The assessment team, which included former Indiana Governor Joe Kernan and other experts representing a variety of perspectives on the issue, concluded that Indiana’s death penalty system is broken. Among the group’s main concerns were racial disparities in the state’s capital sentencing system, the risks to innocent lives, and the lack of an independent authority to appoint defense attorneys in capital cases. To address these and other findings, the team issued 12 recommendations, such as banning the execution of those with mental illness, requiring law enforcement to record all interrogations, adopting tougher qualifications and monitoring procedures for attorneys in capital cases, and ensuring that those facing execution have adequate opportunities to prove their innocence.

“We want to make sure that our system is fair and that there are guidelines in terms of how sentences are put out and that the death penalty is reserved for those that we would consider the worst of the worst,” Kernan said. Indiana Governor Mitch Daniels has said he would review the report.
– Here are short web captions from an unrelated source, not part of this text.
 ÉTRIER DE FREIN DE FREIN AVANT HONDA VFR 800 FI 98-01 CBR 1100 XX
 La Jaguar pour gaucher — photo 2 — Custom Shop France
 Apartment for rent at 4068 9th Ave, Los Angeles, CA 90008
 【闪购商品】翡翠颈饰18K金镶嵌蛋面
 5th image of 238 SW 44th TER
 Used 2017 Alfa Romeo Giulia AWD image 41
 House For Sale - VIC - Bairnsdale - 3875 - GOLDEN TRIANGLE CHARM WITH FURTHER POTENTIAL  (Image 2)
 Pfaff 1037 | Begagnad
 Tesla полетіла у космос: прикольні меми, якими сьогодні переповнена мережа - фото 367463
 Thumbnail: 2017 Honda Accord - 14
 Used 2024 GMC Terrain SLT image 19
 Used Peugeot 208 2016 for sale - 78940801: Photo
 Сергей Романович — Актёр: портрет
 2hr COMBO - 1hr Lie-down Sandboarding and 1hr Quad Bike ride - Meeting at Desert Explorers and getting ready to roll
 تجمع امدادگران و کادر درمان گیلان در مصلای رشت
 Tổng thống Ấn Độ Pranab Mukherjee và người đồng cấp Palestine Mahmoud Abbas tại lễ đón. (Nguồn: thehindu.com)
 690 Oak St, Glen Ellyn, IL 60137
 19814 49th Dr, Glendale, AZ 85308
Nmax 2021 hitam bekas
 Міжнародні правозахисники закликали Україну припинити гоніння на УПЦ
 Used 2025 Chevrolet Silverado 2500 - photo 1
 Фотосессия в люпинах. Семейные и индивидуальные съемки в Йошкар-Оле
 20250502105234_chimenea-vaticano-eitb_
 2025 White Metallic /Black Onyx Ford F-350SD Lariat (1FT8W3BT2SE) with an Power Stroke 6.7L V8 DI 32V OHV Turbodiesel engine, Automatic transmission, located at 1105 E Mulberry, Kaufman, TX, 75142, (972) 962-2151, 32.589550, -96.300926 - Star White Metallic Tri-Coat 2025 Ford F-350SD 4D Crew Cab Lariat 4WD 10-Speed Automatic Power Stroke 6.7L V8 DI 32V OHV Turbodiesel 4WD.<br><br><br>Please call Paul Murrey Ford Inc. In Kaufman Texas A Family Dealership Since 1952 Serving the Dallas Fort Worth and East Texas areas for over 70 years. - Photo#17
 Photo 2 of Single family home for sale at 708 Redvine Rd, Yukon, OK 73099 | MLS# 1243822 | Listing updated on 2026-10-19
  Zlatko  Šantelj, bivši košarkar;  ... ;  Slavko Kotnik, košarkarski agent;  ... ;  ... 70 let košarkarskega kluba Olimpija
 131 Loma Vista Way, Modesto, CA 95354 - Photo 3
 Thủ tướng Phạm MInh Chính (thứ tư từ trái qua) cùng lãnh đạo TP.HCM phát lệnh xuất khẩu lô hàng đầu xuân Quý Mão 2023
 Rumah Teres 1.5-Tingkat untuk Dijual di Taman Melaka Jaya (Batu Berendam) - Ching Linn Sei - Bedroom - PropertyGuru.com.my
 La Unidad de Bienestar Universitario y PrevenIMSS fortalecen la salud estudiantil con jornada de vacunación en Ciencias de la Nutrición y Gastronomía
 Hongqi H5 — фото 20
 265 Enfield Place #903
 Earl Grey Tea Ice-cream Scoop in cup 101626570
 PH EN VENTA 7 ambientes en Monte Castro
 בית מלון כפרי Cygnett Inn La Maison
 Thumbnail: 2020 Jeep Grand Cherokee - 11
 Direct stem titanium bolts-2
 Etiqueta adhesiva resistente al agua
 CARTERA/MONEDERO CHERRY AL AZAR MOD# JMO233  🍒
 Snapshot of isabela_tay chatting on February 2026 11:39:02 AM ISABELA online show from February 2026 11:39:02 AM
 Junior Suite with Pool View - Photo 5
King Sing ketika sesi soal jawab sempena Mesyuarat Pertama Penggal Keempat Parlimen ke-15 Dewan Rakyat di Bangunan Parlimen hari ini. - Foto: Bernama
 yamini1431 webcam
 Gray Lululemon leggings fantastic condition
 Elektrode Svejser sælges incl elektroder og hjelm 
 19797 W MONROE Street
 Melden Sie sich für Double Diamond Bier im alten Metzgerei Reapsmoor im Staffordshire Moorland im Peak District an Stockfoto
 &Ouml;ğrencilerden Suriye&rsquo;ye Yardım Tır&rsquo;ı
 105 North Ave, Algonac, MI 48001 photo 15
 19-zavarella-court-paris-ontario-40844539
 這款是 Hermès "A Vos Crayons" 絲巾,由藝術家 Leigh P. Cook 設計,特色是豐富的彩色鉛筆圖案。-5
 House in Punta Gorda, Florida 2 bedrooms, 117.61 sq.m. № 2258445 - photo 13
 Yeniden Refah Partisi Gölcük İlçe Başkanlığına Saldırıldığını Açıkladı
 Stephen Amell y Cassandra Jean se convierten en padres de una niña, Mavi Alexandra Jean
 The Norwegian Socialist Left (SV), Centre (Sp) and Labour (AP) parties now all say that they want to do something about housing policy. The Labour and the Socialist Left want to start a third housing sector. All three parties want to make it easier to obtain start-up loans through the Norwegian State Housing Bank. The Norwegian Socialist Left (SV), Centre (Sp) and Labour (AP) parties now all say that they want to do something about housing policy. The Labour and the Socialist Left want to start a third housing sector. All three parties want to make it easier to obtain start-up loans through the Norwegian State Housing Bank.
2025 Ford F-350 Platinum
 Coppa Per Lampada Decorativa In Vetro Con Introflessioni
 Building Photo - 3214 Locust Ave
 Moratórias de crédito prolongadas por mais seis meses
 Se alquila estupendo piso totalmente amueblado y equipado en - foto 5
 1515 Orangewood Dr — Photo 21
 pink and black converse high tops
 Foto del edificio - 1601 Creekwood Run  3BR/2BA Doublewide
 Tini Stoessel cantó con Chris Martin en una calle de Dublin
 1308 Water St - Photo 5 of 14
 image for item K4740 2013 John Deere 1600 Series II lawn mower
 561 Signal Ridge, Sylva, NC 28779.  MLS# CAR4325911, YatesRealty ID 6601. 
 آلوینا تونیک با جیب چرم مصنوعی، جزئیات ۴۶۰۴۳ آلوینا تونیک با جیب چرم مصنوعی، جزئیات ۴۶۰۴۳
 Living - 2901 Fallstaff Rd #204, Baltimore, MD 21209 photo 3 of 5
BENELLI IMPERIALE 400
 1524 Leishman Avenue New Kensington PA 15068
(Associated Press, February 24, 2007).

Indiana is one of 16 states where ABA-appointed assessment teams have been established and asked to review capital punishment procedures to see whether they comply with minimum standards of fairness and due process. Read the full Indiana Report. Read the Executive Summary. Read more about the members of the Indiana Death Penalty Assessment Team. See also Studies and Representation.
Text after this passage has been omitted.